I think back to one of my four poems from early this year, “Poem Four”.
“Sometimes
God’s most wonderful orchestrations
His most beautifully personal
displays of power
happen when we least expect.
When we have lost all will to live,
when we are so debilitatingly surrounded
by the deathly weight of hopelessness –
sometimes,
it is then that He works the most.
When we can’t see Him,
when we can’t feel Him,
when we can’t hear Him.
When we can’t imagine life any other way,
and when we cry out and plead,
is our dawn ever fully going to break.
It is then
when we are flat on our face
that God works His miracles.”
When we can’t see or feel or hear Him. Because I’m not going to lie… I have experienced FAR more of that in the last two and a half months than I anticipated.
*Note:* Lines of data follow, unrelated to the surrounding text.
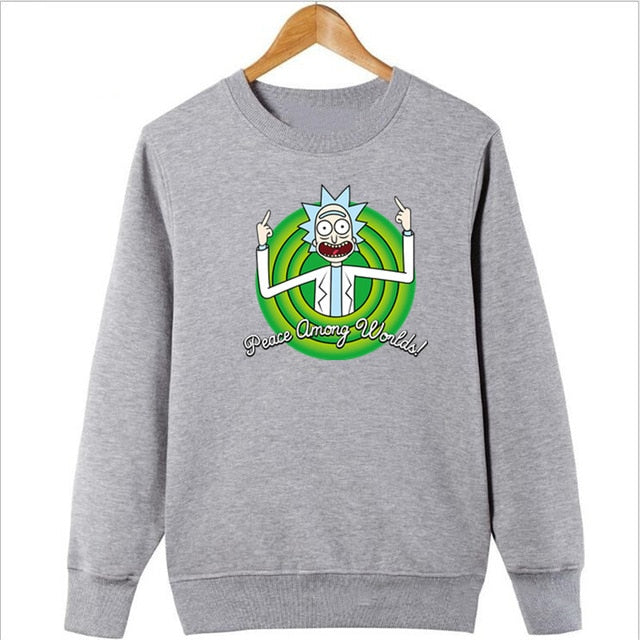 Autumn Character Anime Cool Rick Morty hoodies Peace Among Worlds Folk hoodie men women Cotton Casual Funny sweatshirt
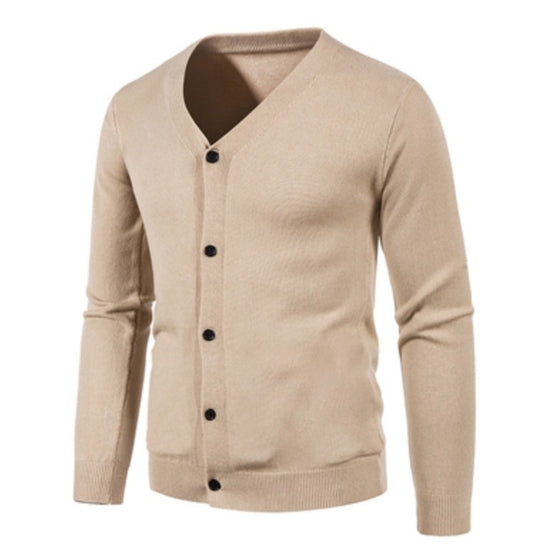 Herren stilvolle Strickjacke mit tiefem V-Ausschnitt und Knopfleiste EB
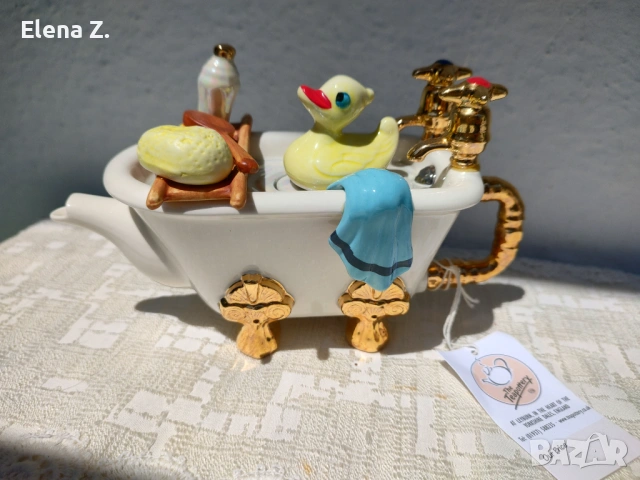 Уникален декоративен чайник Вана с патенце Swineside Англия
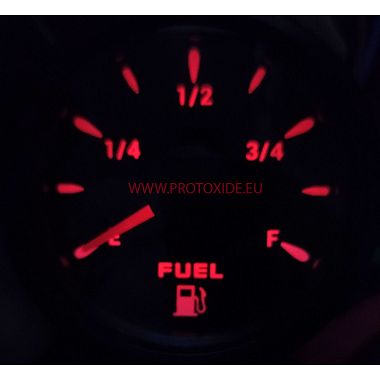 Indicatore manometro livello galleggiante benzina carburante rotondo 52mm 6 colori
I anticipated that this would be the hardest thing I’ve ever done, yes, but I still didn’t think it would be quite so difficult. And in saying that, I’m not quite sure what I expected, what I could have expected… but it certainly wasn’t this.
I didn’t expect that Christmas Eve 2019, a few months into a new life nearly 3,000 miles away, would be the first time that I would ever shed a tear during a sermon, let alone legitimately and fully cry. And as frustrated I am over the heartache that led to that, as frustrated as I am that I spent a long time texting with my mother last night about everything, exhausted from spending such a long time with tears streaming down my face… I’m grateful for it.
See, without these times? God’s presence would never be so real.
When I planned this gift as a part of the twelve, I envisioned it as the gift of the abundance of people God has given me over the years home in California. What I did not anticipate, what I could not have anticipated, is that the opposite would also be true. That I would also be grateful for the gift of the struggle, for the gift of the season of having no choice but to rely on Him. Even as I write that, I feel like I’ve done an awful job of truly relying on Him to be the presence and the peace that I need.
But I think about the few things that HAVE gone right in the last few months, and with all of the external circumstances what they are, it can only be attributed to a faith that has already stood the test of difficult trials. A faith that calls me home over and over and over. And over, because His love never runs out.
A faith that has been and continues to be strengthened by so many of His faithful followers, near and far.
Thank you, God, for the gift of people and community. Thank you for how it has carried me in the past, and thank you for all the beautiful ways in which you will continue to demonstrate this gift – both expected and unexpected.
Thank you for being the ultimate presence… Immanuel. God with us.